Provided data:
+ + +
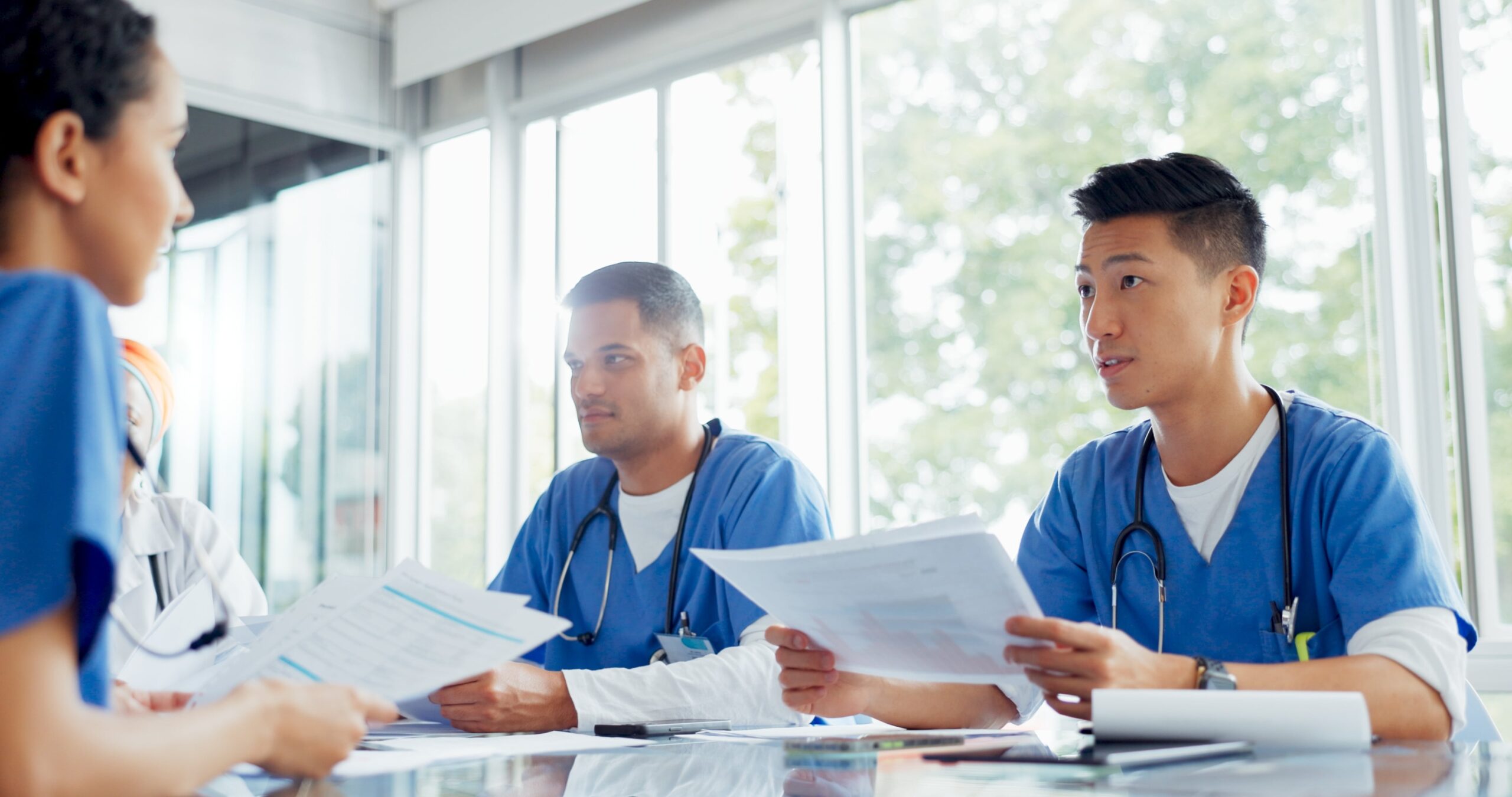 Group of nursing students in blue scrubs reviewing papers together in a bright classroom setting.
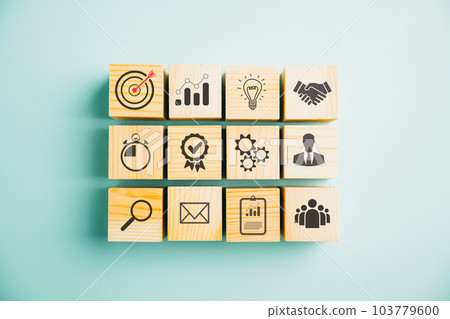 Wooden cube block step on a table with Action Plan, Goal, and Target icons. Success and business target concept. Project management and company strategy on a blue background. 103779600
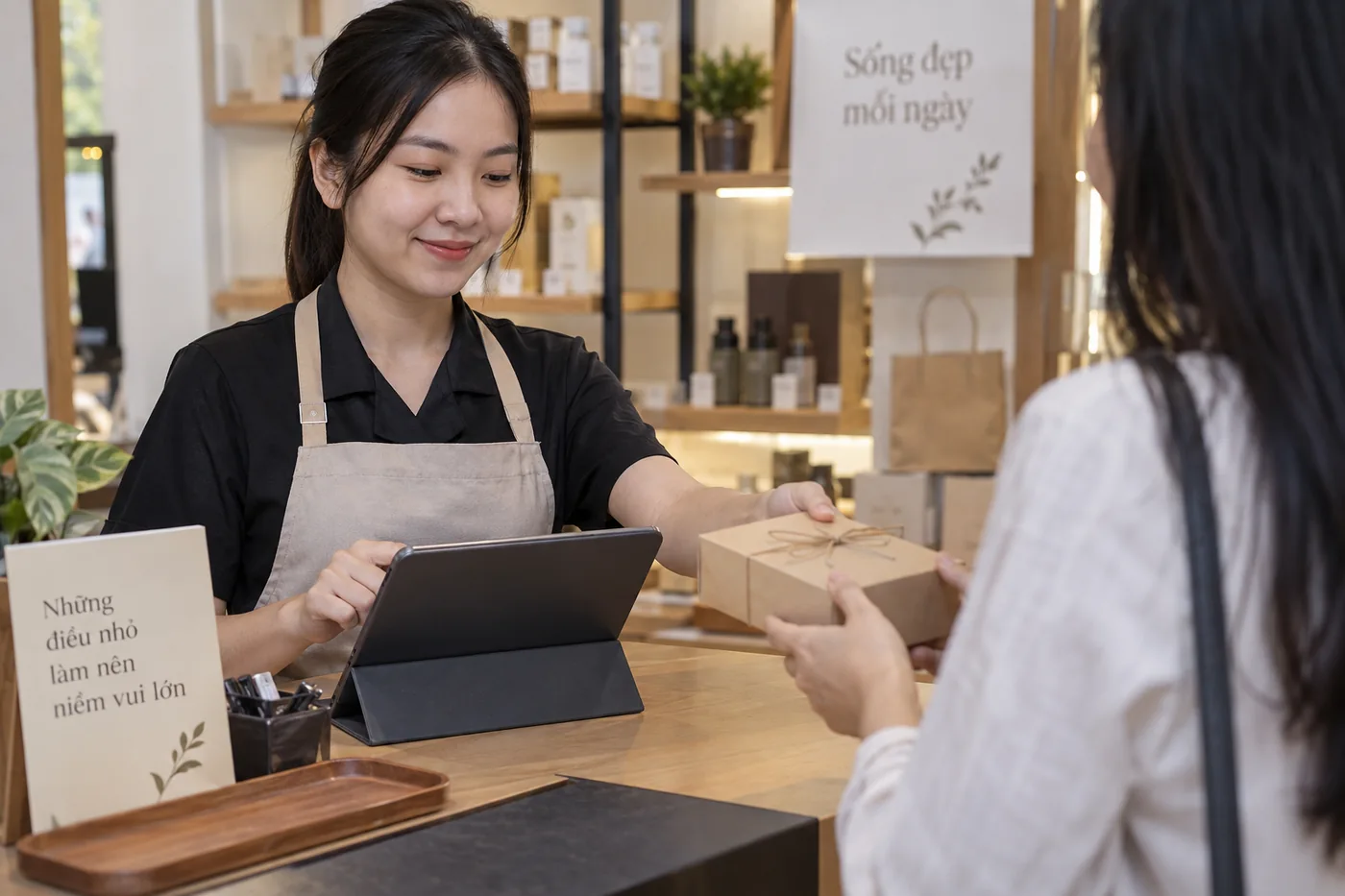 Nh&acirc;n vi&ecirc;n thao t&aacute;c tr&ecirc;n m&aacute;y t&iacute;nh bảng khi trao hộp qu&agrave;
+ + +
Work instruction:
Write out, with no pictures, only the lines from the line containing "Wooden cube block" through the last line of the listing above, exactly and with both ends included.

Answer box:
 Wooden cube block step on a table with Action Plan, Goal, and Target icons. Success and business target concept. Project management and company strategy on a blue background. 103779600
 Nh&acirc;n vi&ecirc;n thao t&aacute;c tr&ecirc;n m&aacute;y t&iacute;nh bảng khi trao hộp qu&agrave;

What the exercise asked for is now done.